Seriously, they say this with an absolutely straight face.

Somewhere in Nevada, in an underground bunker, McDonald's has a lab that is testing fully automated food production and delivery.

Okay, not exactly--it's probably not in Nevada, and it may be above ground--but you know they're working on this. A fully automated McDonald's, and if anything breaks, the one guy on staff just 3D-prints a replacement part and off we go.

People as labor are inconvenient and messy and have lives to work around. Robots don't. Game over.

Remember how I wrote a few months back that the next level of automation, after all the minimum wage employees got fired, was going to be middle management? Well, lookie here:
Nordea Bank Chief: Robots Can Help Us Fire Legions of My Fellow Bankers.

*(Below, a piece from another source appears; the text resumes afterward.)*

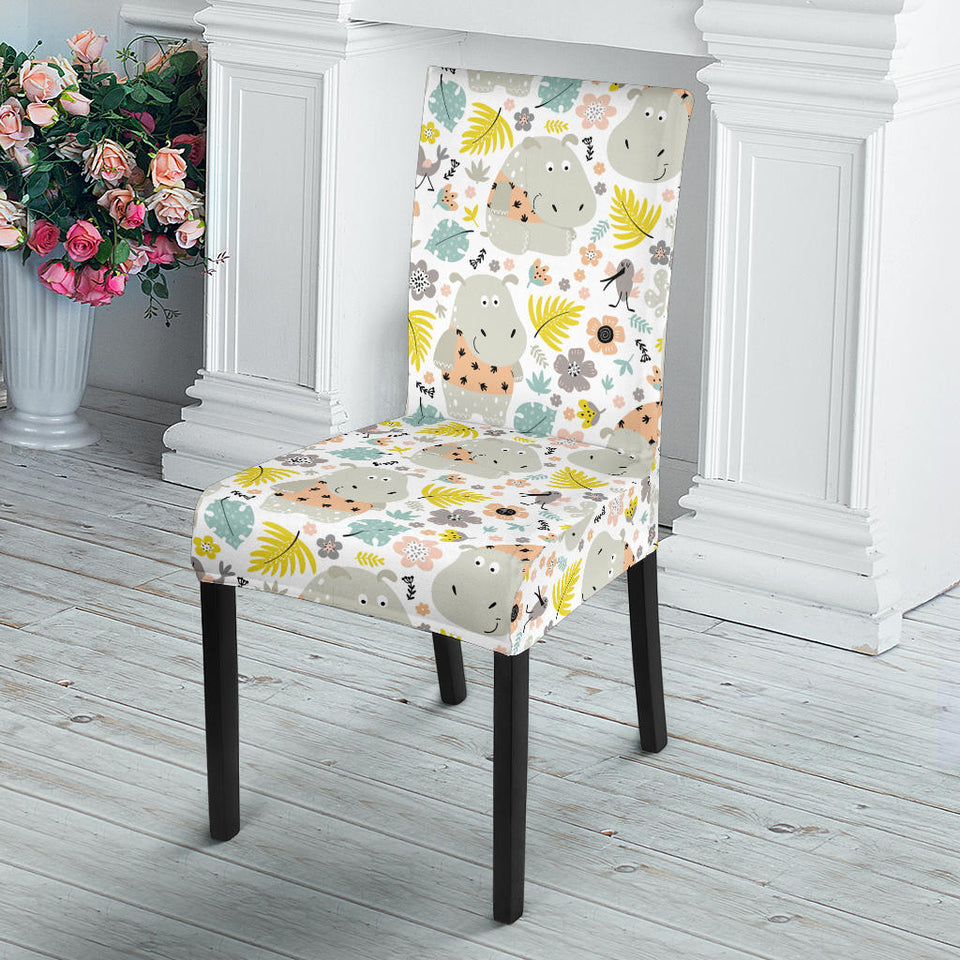Hippopotamus Pattern Print Design 05 Dining Chair Slipcover
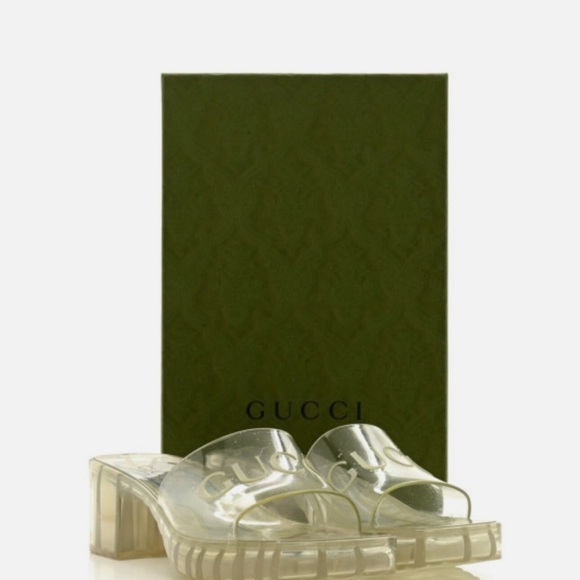 Gucci Transparent Rubber Slide Heeled Sandals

Excerpt: Nordea Bank AB CEO Casper von Koskull, who is already trimming some 6,000 jobs as part of a machine-driven approach to banking, thinks that computers and algorithms can severely thin the ranks of banking management.

“You need to ask the question, what value is the human adding, and how does that affect pay?” Koskull told Bloomberg in an interview on Tuesday, rattling off sectors including personal, investment, and corporate banking, liquidity management, and foreign exchange ripe for a haircut.

“The ones who are mostly hit are middle to higher-level management, because those layers aren’t needed, or shouldn’t be,” he added.

Look, I don't normally plant a stake in the ground on non-gaming stuff, but I'm going to plant one now. Where we're headed, a small subset of people will make an incredible amount of money. For everyone else, there will be collapse, and the United States is uniquely ill-equipped to handle that scenario in any kind of equitable manner. 

I, for one, will not welcome our new kiosk overlords.